Speech recognition technology allows us to ask Siri to check the weather for tomorrow, or to ask Alexa to play our favorite song.
But those technologies require audible speech. What if a person can’t speak, or if vocalized speech in a particular setting isn’t appropriate?
Cheng Zhang, assistant professor of information science in the Cornell Ann S. Bowers College of Computing and Information Science, and doctoral student Ruidong Zhang have an answer: SpeeChin, a silent-speech recognition (SSR) device that can identify silent commands using images of skin deformation in the neck and face captured by a neck-mounted infrared (IR) camera.
The technology is detailed in “SpeeChin: A Smart Necklace for Silent Speech Recognition,” published Dec. 31 in Proceedings of the Association of Computing Machinery on Interactive, Mobile, Wearable and Ubiquitous Technologies.
Ruidong Zhang is also presenting the paper in October at the Ubiquitous Computing (UbiComp 2022) conference.
“There are two questions: First, why a necklace? And second, why silent speech?” Zhang said. “We feel a necklace is a form factor that people are used to, as opposed to ear-mounted devices, which may not be as comfortable. As far as silent speech, people may think, ‘I already have a speech recognition device on my phone.’ But you need to vocalize sound for those, and that may not always be socially appropriate, or the person may not be able to vocalize speech.
“This device has the potential to learn a person’s speech patterns, even with silent speech,” he said.
“We’re introducing an entirely new form factor, new hardware, into this field,” said Ruidong Zhang, who built the original prototype in 2020 at his home in China, while completing the first year of his doctoral program remotely.

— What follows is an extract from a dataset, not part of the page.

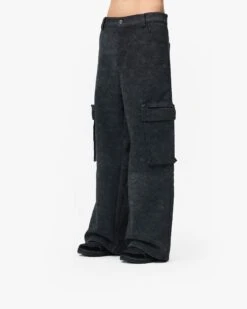 SCRIPT LOGO LEATHER PANTS TAR BLACK -Vicinity Fashion Store pics 0002 ColorFill2copy7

The device is similar in appearance to NeckFace, a technology Cheng Zhang and his SciFi Lab team members unveiled last year. NeckFace continuously tracks full facial expressions by using infrared cameras to capture images of the chin and face from beneath the neck.
Like NeckFace, SpeeChin features an IR camera mounted on a 3D-printed necklace case, which is hung on a silver chain with the camera pointing up at the wearer’s chin. For increased stability, the developers designed a wing on each side, and placed a coin on the bottom.
Convenience and privacy, Cheng Zhang said, are two reasons that a necklace-mounted IR camera could be preferrable to a traditional camera in front of the face. “A camera in front of your face is taking pictures of what’s behind you,” he said, “and that raises privacy concerns.”
For their initial experimentation, which featured 20 participants (10 speaking English, 10 Mandarin Chinese), measurements were taken to determine the baseline position of the chin, then differential images were used to train the device to recognize simple commands.
Ruidong Zhang had participants utter 54 commands in English, consisting of digits, interactive commands, voice assistant commands, punctuation commands and navigation commands. He then did the same with 44 simple Mandarin words or phrases.
SpeeChin recognized commands in English and Mandarin with an average accuracy of 90.5% and 91.6%, respectively. To further test its limits, the researchers conducted another study with 10 participants, all silently uttering a specially designed list of 72 one-syllable “nonwords” using phonemes – combinations of 18 consonants and four vowels.
Finally, the researchers recruited six participants to utter 10 Mandarin and 10 English phrases while walking. Success rates were lower in this study, due in part to the variation in walking styles (more versus less head movement, for example) among the participants.
The project illustrates the power of determination: Ruidong Zhang built a lab in his home, complete with soldering station, and recruited people in his hometown as study participants.
“But because I live in a small city and it’s hard to find people who speak English,” he said, “we actually ended up in HangZhou, at Zhejiang University, to recruit English-speakers. It was an unforgettable experience for me.”
Support for this work came from the Cornell Department of Information Science, and partially from a Shanghai Jiao Tong University-Cornell seed grant from the Cornell China Center.